Activity: Exactly transcribe the span of lines from the one containing "Фото LADA VESTA CROSS I с пробегом | №10 Фото" through the final line of the entries, inclusive, and nothing outside it. Exclude the pictures.

Captioned web image data:
—————

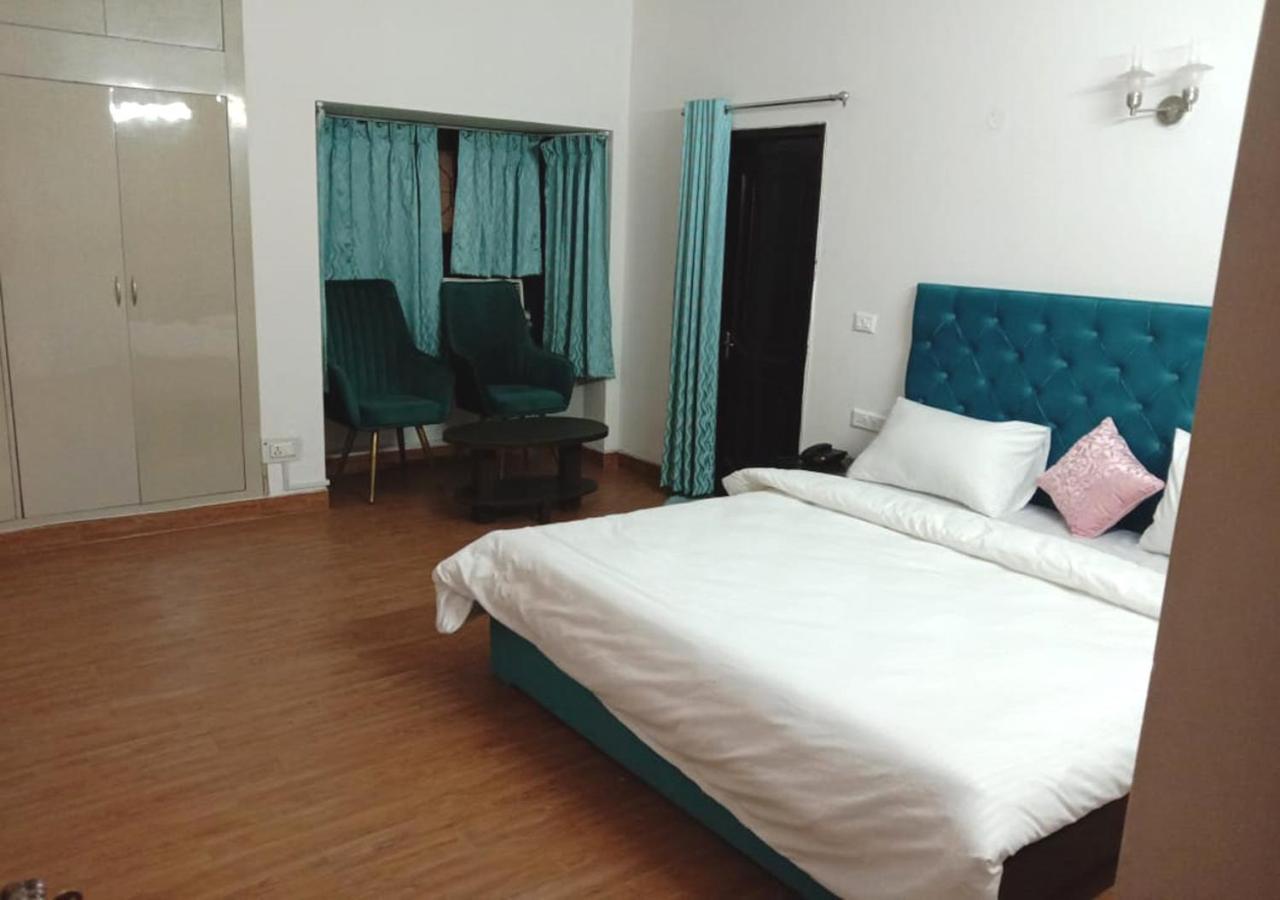 Jay Ally - Boutique Hotel Nuova Delhi Esterno foto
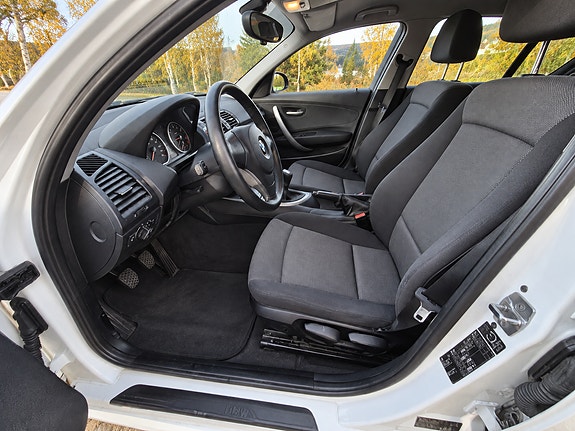 BMW 118d 10 of 14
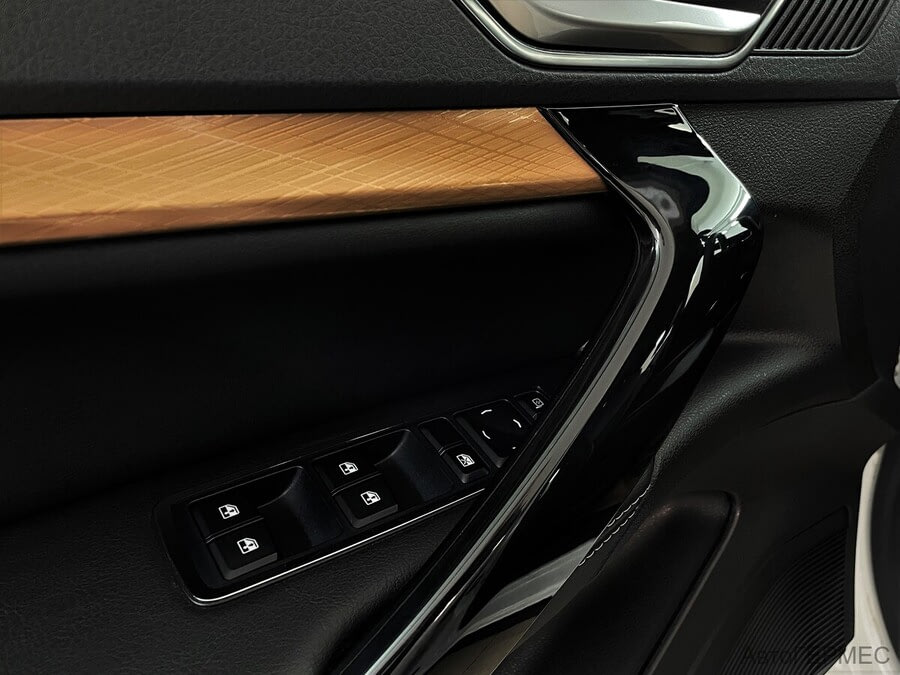 Фото LADA VESTA CROSS I с пробегом | №10 Фото LADA VESTA CROSS I с пробегом | №10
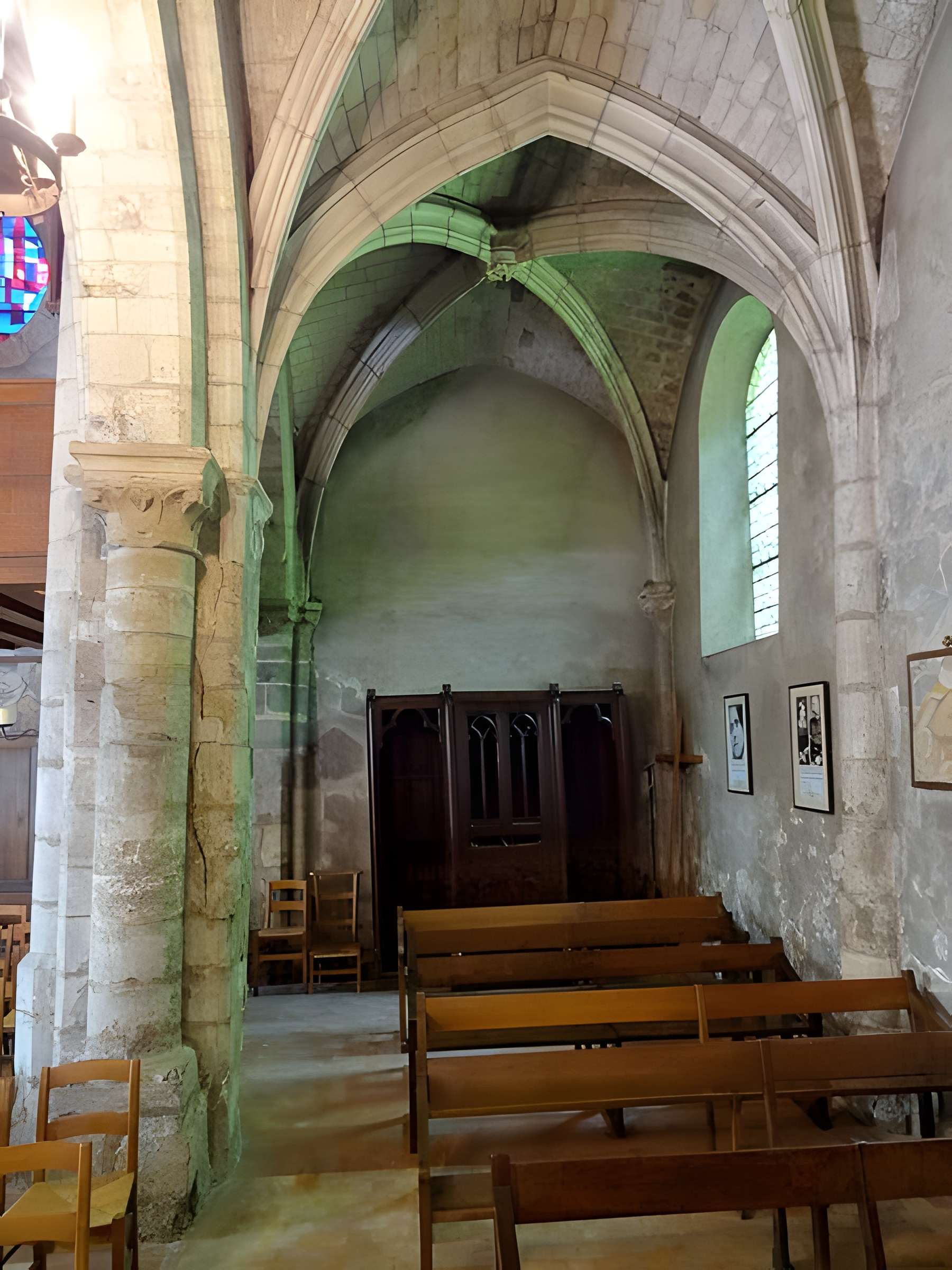 Église Sainte-Croix de Fourqueux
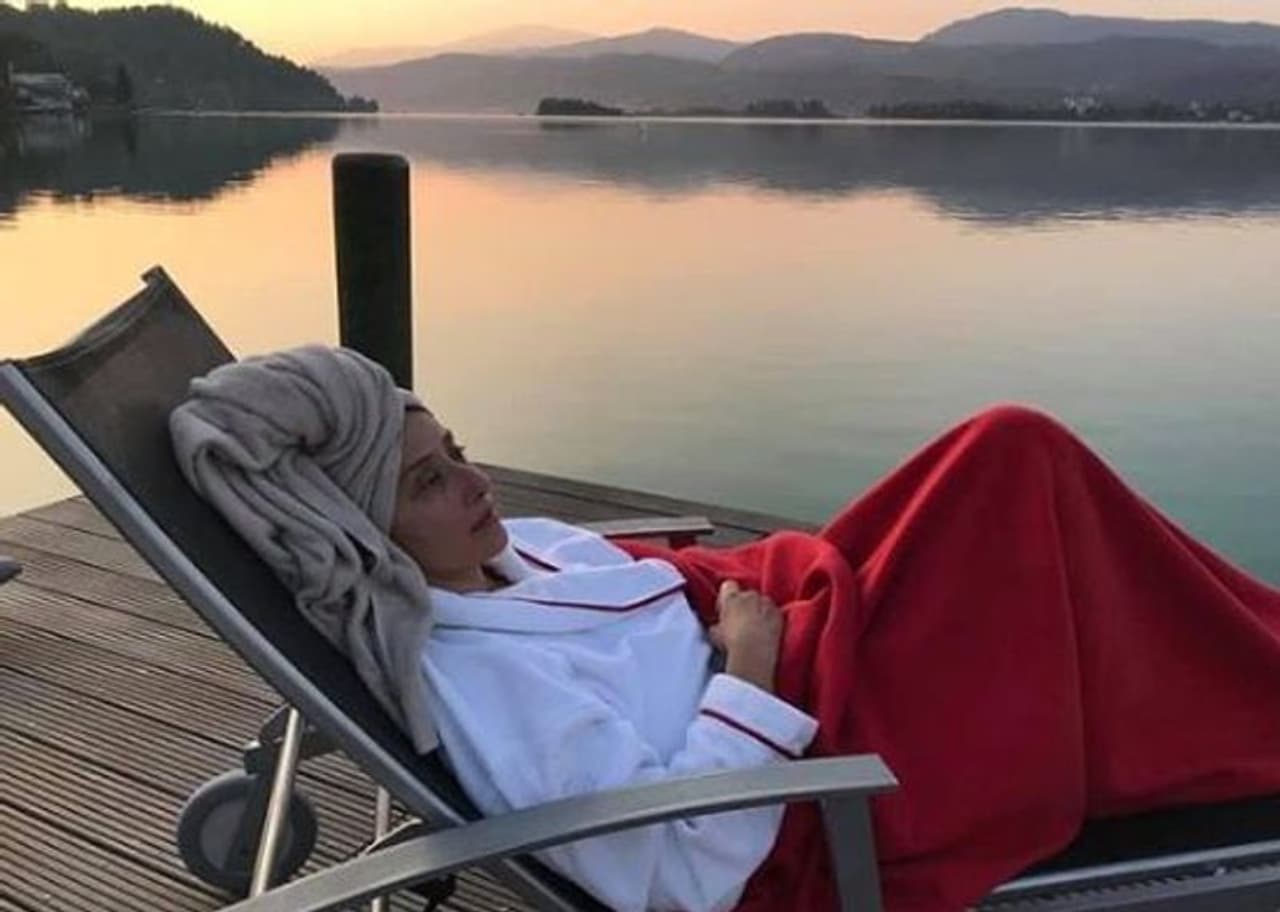 <p>தமிழில் இயக்குனர் மணிரத்னம் இயக்கிய 'பாம்பாய்' திரைப்படத்தின் மூலம் அறிமுகமாகி, பின் கமலஹாசனுடன் 'இந்தியன்', சூப்பர் ஸ்டார் ரஜினிகாந்துடன் 'பாபா' அர்ஜுனுடன் 'முதல்வன்', உள்ளிட்ட படங்களில் நடித்து தமிழ் ரசிகர்கள் மத்தியில் பிரபலமானவர் நடிகை மனிஷா கொய்ராலா.</p> <p>தமிழில் இயக்குனர் மணிரத்னம் இயக்கிய 'பாம்பாய்' திரைப்படத்தின் மூலம் அறிமுகமாகி, பின் கமலஹாசனுடன் 'இந்தியன்', சூப்பர் ஸ்டார் ரஜினிகாந்துடன் 'பாபா' அர்ஜுனுடன் 'முதல்வன்', உள்ளிட்ட படங்களில் நடித்து தமிழ் ரசிகர்கள் மத்தியில் பிரபலமானவர் நடிகை மனிஷா கொய்ராலா.</p>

—————

Written answer:
 Фото LADA VESTA CROSS I с пробегом | №10 Фото LADA VESTA CROSS I с пробегом | №10
 Église Sainte-Croix de Fourqueux
 <p>தமிழில் இயக்குனர் மணிரத்னம் இயக்கிய 'பாம்பாய்' திரைப்படத்தின் மூலம் அறிமுகமாகி, பின் கமலஹாசனுடன் 'இந்தியன்', சூப்பர் ஸ்டார் ரஜினிகாந்துடன் 'பாபா' அர்ஜுனுடன் 'முதல்வன்', உள்ளிட்ட படங்களில் நடித்து தமிழ் ரசிகர்கள் மத்தியில் பிரபலமானவர் நடிகை மனிஷா கொய்ராலா.</p> <p>தமிழில் இயக்குனர் மணிரத்னம் இயக்கிய 'பாம்பாய்' திரைப்படத்தின் மூலம் அறிமுகமாகி, பின் கமலஹாசனுடன் 'இந்தியன்', சூப்பர் ஸ்டார் ரஜினிகாந்துடன் 'பாபா' அர்ஜுனுடன் 'முதல்வன்', உள்ளிட்ட படங்களில் நடித்து தமிழ் ரசிகர்கள் மத்தியில் பிரபலமானவர் நடிகை மனிஷா கொய்ராலா.</p>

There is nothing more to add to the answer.